Daniil-Osokin / lightweight-human-pose-estimation-3d-demo.pytorch

Real-time 3D multi-person pose estimation demo in PyTorch. OpenVINO backend can be used for fast inference on CPU.
Apache License 2.0
653 stars 137 forks source link

Some questions about the code #99

Closed sk-zhang closed 11 months ago

sk-zhang commented 11 months ago

@Daniil-Osokin First of all thanks a lot for this nice work, I have some questions about the code in the translate poses section. I want to convert the output 3d relative coordinates to the world coordinate system, so I've looked at the following code, but didn't quite get the exact idea of it. So I would like to ask the following questions: First, is this procedure specific to this project, or can it be applied to other 3d relative coordinates to world 3d coordinates? Second, if so, can you tell me the specific operation idea? ` # translate poses for pose_id in range(len(poses_3d)): pose_3d = poses_3d[pose_id].reshape((-1, 4)).transpose() pose_2d = poses_2d[pose_id][:-1].reshape((-1, 3)).transpose() num_valid = np.count_nonzero(pose_2d[2] != -1) pose_3d_valid = np.zeros((3, num_valid), dtype=np.float32) pose_2d_valid = np.zeros((2, num_valid), dtype=np.float32) valid_id = 0 for kpt_id in range(pose_3d.shape[1]): if pose_2d[2, kpt_id] == -1: continue pose_3d_valid[:, valid_id] = pose_3d[0:3, kpt_id] pose_2d_valid[:, valid_id] = pose_2d[0:2, kpt_id] valid_id += 1

    pose_2d_valid[0] = pose_2d_valid[0] - features_shape[2]/2
    pose_2d_valid[1] = pose_2d_valid[1] - features_shape[1]/2
    mean_3d = np.expand_dims(pose_3d_valid.mean(axis=1), axis=1)
    mean_2d = np.expand_dims(pose_2d_valid.mean(axis=1), axis=1)
    numerator = np.trace(np.dot((pose_3d_valid[:2, :] - mean_3d[:2, :]).transpose(),
                                pose_3d_valid[:2, :] - mean_3d[:2, :])).sum()
    numerator = np.sqrt(numerator)
    denominator = np.sqrt(np.trace(np.dot((pose_2d_valid[:2, :] - mean_2d[:2, :]).transpose(),
                                          pose_2d_valid[:2, :] - mean_2d[:2, :])).sum())
    mean_2d = np.array([mean_2d[0, 0], mean_2d[1, 0], fx * input_scale / stride])
    mean_3d = np.array([mean_3d[0, 0], mean_3d[1, 0], 0])
    translation = numerator / denominator * mean_2d - mean_3d

    if is_video:
        translation = current_poses_2d[pose_id].filter(translation)
    for kpt_id in range(19):
        pose_3d[0, kpt_id] = pose_3d[0, kpt_id] + translation[0]
        pose_3d[1, kpt_id] = pose_3d[1, kpt_id] + translation[1]
        pose_3d[2, kpt_id] = pose_3d[2, kpt_id] + translation[2]
    translated_poses_3d.append(pose_3d.transpose().reshape(-1))

`

Daniil-Osokin commented 11 months ago

Hi! These 3D coordinates are relative to the camera coordinate system. If you have camera pose wrt world coordinate system, you can apply it to the coordinates and get them wrt world coordinate system.

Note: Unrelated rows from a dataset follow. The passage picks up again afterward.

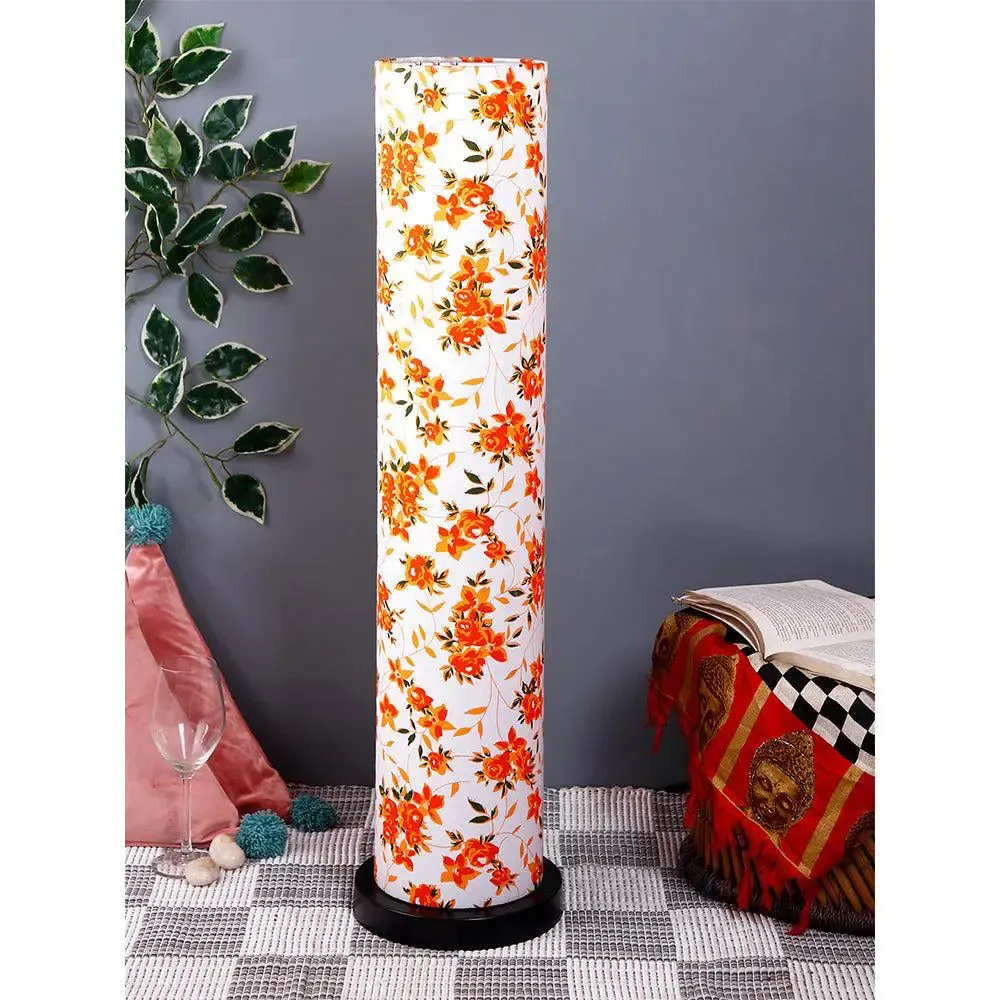 Elite Round Orange Floral Floor Lamp with Sleek Iron Base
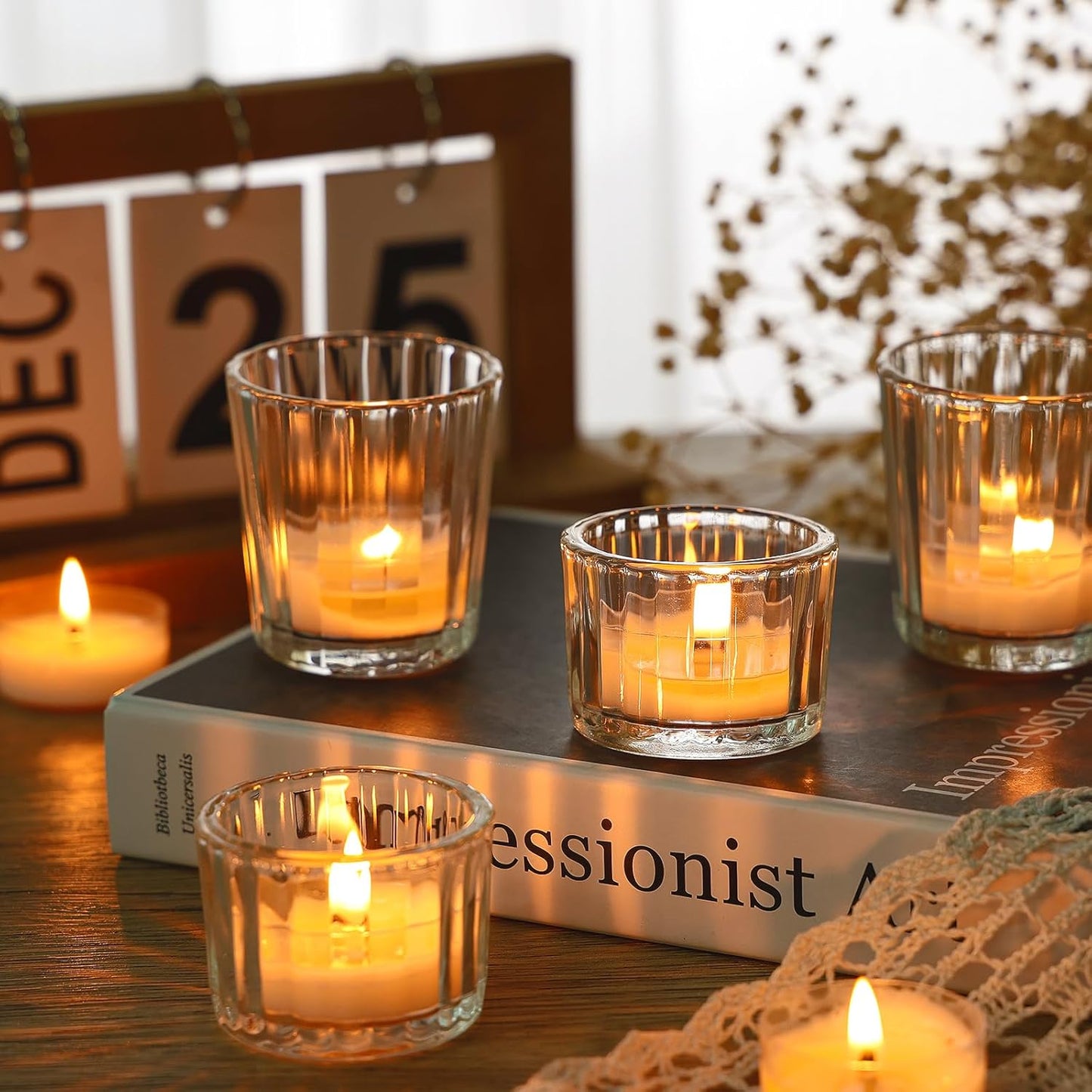 24 Pcs Ribbed Clear Votive Candle Holders – Glass Tea Light Candle Holder for Weddings, Baby Showers, Home Decor, Party Centerpieces, and Table Decoration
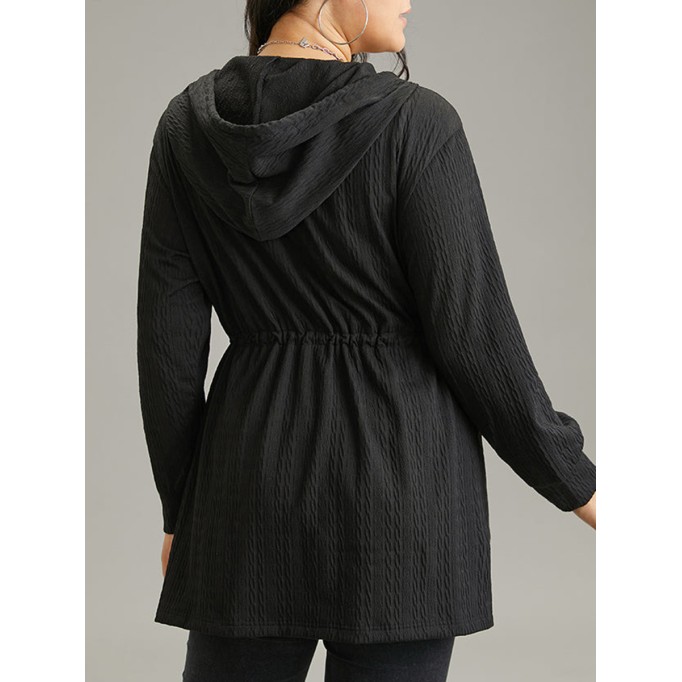 Simple hooded knit coat in black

sk-zhang commented 11 months ago

Thank you for your reply. I mostly didn't understand this part of the operation: _mean_3d = np.expand_dims(pose_3d_valid.mean(axis=1), axis=1) mean_2d = np.expand_dims(pose_2d_valid.mean(axis=1), axis=1) numerator = np.trace(np.dot((pose_3d_valid[:2, :] - mean_3d[:2, :]).transpose(), pose_3d_valid[:2, :] - mean_3d[:2, :])).sum() numerator = np.sqrt(numerator) denominator = np.sqrt(np.trace(np.dot((pose_2d_valid[:2, :] - mean_2d[:2, :]).transpose(), pose_2d_valid[:2, :] - mean_2d[:2, :])).sum()) mean_2d = np.array([mean_2d[0, 0], mean_2d[1, 0], fx input_scale / stride]) mean_3d = np.array([mean_3d[0, 0], mean_3d[1, 0], 0]) translation = numerator / denominator mean_2d - mean3d My understanding is that the average of the 3D and 2D pose data is computed, then the sum of the Euclidean distances of the 2D and 3D pose coordinates to the corresponding averages is computed, and then a translation vector translation is computed for translating the 3D pose data. But I don't understand the rationale of this.

sk-zhang commented 11 months ago

I mainly want to use this method for multiplayer 3d pose display, I am currently able to get the pixel coordinates of a 2d pose, and also the coordinates of a 3d pose relative to its own origin, and the internal and external parameters of the camera. I would like to use this part of the code to transfer the 3d pose to the world coordinate system, how would I apply this method please?

Daniil-Osokin commented 11 months ago

But I don't understand the rationale of this.

It is the solution for minimum projection error, you can check the 'Monocular 3D Human Pose Estimation In The Wild Using Improved CNN Supervision' paper for the details. 3D keypoints coordinates are predicted relative to root keypoint coordinate system. If the root keypoint is translated in a proper place in 3D space, then all pose is in correct 3D coordinates (in camera coordinate system). So we find such translation vector, which minimizes 3D->2D keypoints projection error given camera intrinsics. Given camera pose in world coordinate system, just apply it to keypoint coordinates to move them from camera coordinate system to world coordinate system.

sk-zhang commented 11 months ago

Thank you, I understand. I would like to ask one last question, regarding the following code: _mean_2d = np.array([mean_2d[0, 0], mean_2d[1, 0], fx * inputscale / stride]) If the 'mean_2d' I have calculated already has coordinates in the original image dimensions, does 'fx' still need to be scaled, or can I directly use 'fx'?

Daniil-Osokin commented 11 months ago

You do not need to scale focal length in case of mean_2d in the original image space.

sk-zhang commented 11 months ago

Thank you so much for the explanation. I'll close the issue.

Daniil-Osokin commented 11 months ago

Great, that it helped!